Jorge Zepeda Patterson, El País

No hay ningún misterio en el destape explícito por parte del canciller mexicano Marcelo Ebrard, aspirante a la presidencia en las elecciones del verano 2024, pese a los tres años casi exactos que nos separan de esa jornada. Tras las reiteradas alusiones del presidente Andrés Manuel López Obrador a lo largo de las últimas semanas sobre posibles sucesores, no le quedaba de otra al responsable de Relaciones Exteriores. Las filas del obradorismo habían interpretado gestos, cábalas y señales y concluyeron que Claudia Sheinbaum, jefa de Gobierno de la Ciudad de México, sería en su momento la preferida del soberano, y actuaron en consecuencia. En los últimos días, las apariciones en público de Sheinbaum eran festejadas a gritos de “presidenta, presidenta”. Ebrard asumió, con razón, que si eso se instalaba unilateralmente en el imaginario del obradorismo, la batalla estaría perdida antes de empezar y el resto del sexenio sería un desfile en alfombra roja para la alcaldesa. Con su destape oficial, asumido con la venia presidencial, intenta pasar el mensaje de que el asunto todavía no está decidido. Convincente o no, muchos de los actores políticos se la pensarán dos veces antes de quemar naves y endosar cheques en blanco.

Lo que sí es un misterio, en cambio, son las razones que llevaron al presidente López Obrador a hablar de precandidatos a tres años de distancia, lo cual irremediablemente anticipa la contienda.
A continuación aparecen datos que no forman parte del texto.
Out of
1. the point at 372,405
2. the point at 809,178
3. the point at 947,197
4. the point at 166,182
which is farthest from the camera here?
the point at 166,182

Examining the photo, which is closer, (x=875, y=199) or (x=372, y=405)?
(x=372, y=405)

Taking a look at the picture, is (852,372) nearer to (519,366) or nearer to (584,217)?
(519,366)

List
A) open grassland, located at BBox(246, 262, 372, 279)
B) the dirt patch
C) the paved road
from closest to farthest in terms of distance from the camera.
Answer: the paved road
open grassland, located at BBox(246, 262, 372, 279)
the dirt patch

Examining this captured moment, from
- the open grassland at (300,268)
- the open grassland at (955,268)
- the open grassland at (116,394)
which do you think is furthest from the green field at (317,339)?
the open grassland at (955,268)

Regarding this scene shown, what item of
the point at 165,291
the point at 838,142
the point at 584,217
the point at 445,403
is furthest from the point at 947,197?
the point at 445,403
Por lo general los presidentes en funciones retrasaban al máximo el período de las precandidaturas, sabedores de que, a partir de ese momento, comenzaba una lenta pero persistente declinación de su poder. Una vez que las “fuerzas vivas” perciben un posible ganador, la llamada “cargada”, hace pendular el poder al cuartel de guerra del futuro presidente, en detrimento de Palacio Nacional. Proyectos y activos políticos son guardados para congraciarse con quien será el mandamás en los años por venir. De allí las famosas consignas enviadas desde Presidencia destinadas a retrasar ese momento y que terminaron siendo reglas no escritas de la política mexicana tradicional: “El que se mueve no sale en la foto”.

Pues ahora fue el propio López Obrador quien los puso a moverse. Algunos críticos han querido ver en ese “destape” una mera estrategia para distraer a la opinión pública de otros problemas y escándalos de su Gobierno, pero es una explicación absurda. El tabasqueño nunca ha tenido dificultades para sacarse de la manga un tema que monopolice titulares en los medios de comunicación. No iba a sacrificar ese cartucho teniendo otras alternativas para resolver ese objetivo, si es que en realidad tal fuese su propósito.
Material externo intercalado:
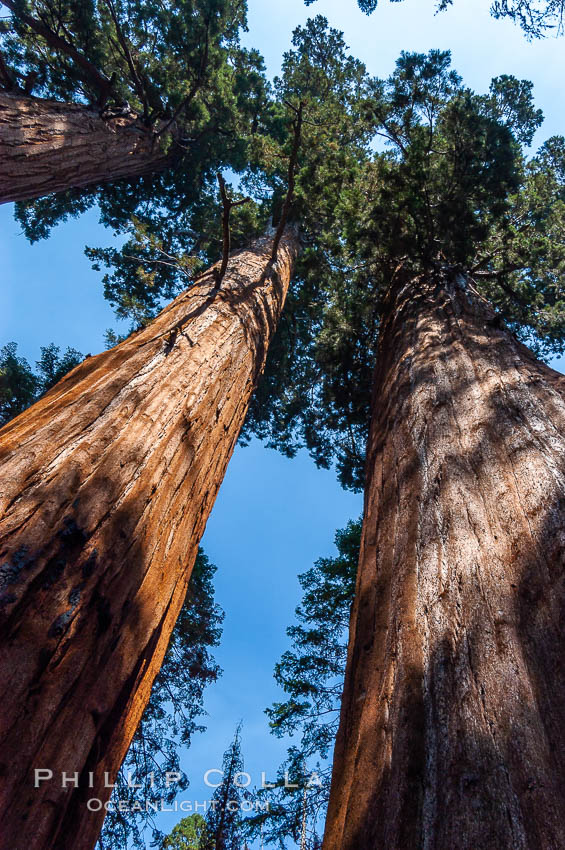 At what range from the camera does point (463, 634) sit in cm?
122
A mí me parece, más bien, que obedece a la combinación de dos factores. Uno, la necesidad de arropar a sus dos principales cartas para la sucesión, Marcelo Ebrard y Claudia Sheinbaum, aun cuando muchos señalan que en realidad solo es esta última. Se trata justo de los dos funcionarios que salieron cuestionados en el desplome de la Línea 12 del Metro. Frente a la tragedia y siendo percibidos como los dos principales contendientes por parte de la llamada Cuarta Transformación, los actores políticos y medios de comunicación adversos asumieron que era la oportunidad para abatirlos por anticipado. Inmediatamente, López Obrador salió en defensa de ambos, particularmente de Sheinbaum, y entre otras cosas revivió el tema de los posibles sucesores, cuidando de encabezar las posibles listas con sus nombres. Simultáneamente, soltó una bola de humo al mencionar a otros posibles candidatos, a ninguno de los cuales se concede posibilidad alguna en los corrillos políticos (Juan Ramón de la Fuente representante en la ONU, Esteban Moctezuma embajador en Estados Unidos y Tatiana Clouthier ministra de Comercio). Al meter nombres en la lista de “contendientes” de alguna manera el presidente quería evitar que el desgaste se concentre en los dos destinados a la recta final. Con poco éxito; nadie se ha ido con la finta.

Sin embargo, no fue la tragedia lo que desencadenó el llamado del presidente. Semanas antes ya había presumido a sus principales jinetes y ridiculizado la flaca caballada por parte de la oposición. Lo de la Línea 12 simplemente intensificó estas menciones, pero no explica la razón por la cual rompió la regla no escrita del “manual del usuario de la silla presidencial”.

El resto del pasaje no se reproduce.